A simple plan for ending the cycle of feeling like the bad guy when your kids can't see your point of view.

See if this scenario sounds familiar:

You frequently make decisions your children do not like. They, being (in your opinion) argumentative, strong-willed, and stubborn, demand to know your reasons. But no matter how well you explain yourself, you cannot get through their "thick skulls." The more you explain, the more upset they, and you, become. Eventually, some ugly scene ensues, after which you feel guilty, apologize for being so "unreasonable," and give in.

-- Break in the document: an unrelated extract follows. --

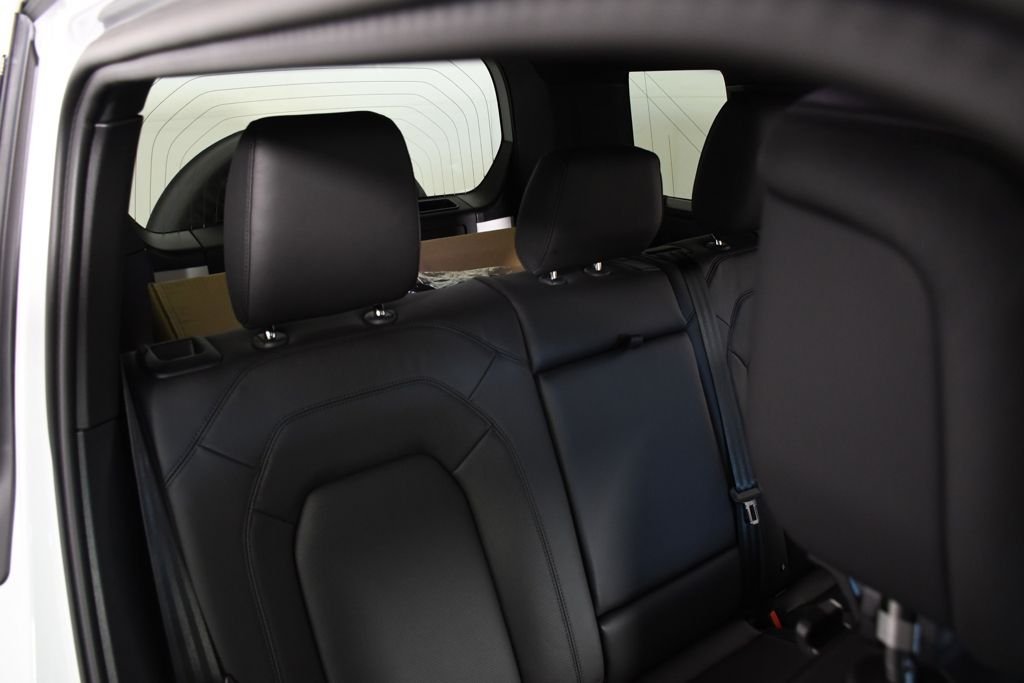 New 2026 Fuji White Land Rover S image 23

Fortunately, there is a way to never get into arguments with a child -- even a teenager. Here's how:

  • Accept the inevitable. Every child clings to the idea that the world should treat him or her as a special case. Your job as a parent is to pry this fantasy from the child's grip. As you do so, it becomes inevitable that your child will not like many of the decisions you make.
  • Save your breath. Children cannot fathom an adult point of view and will not until they become adults. Any attempt to help your child understand you will fall on its face.
  • Use the power of four words. Children do understand "Because I said so." They don't like it, but they understand it. Those four words tell a child that you, the parent, know where you stand. So go ahead and say it -- occasionally, that is.
  • Don't try to persuade. More often than not, tell your child the reason behind the decisions you make -- but don't ever try to reason. In other words, don't try to persuade your child into thinking your reasons have merit. Remember, you child won't be able to understand that until he or she becomes an adult.
  • Allow disagreement. When your child disagrees with your reasons, just say, "If I were you, I wouldn't agree with those reasons either. Nonetheless, my decision stands." If, at this point, your child accuses you of not being fair, just say, "I'd think so too if I was your age."

This simple, old-fashioned approach may be exactly how your parents stayed out of arguments with you when you were a child. And perhaps you and your spouse vowed never to say "Because I said so" or any other such old-fashioned thing to your children. But it turns out that your parents had a good idea.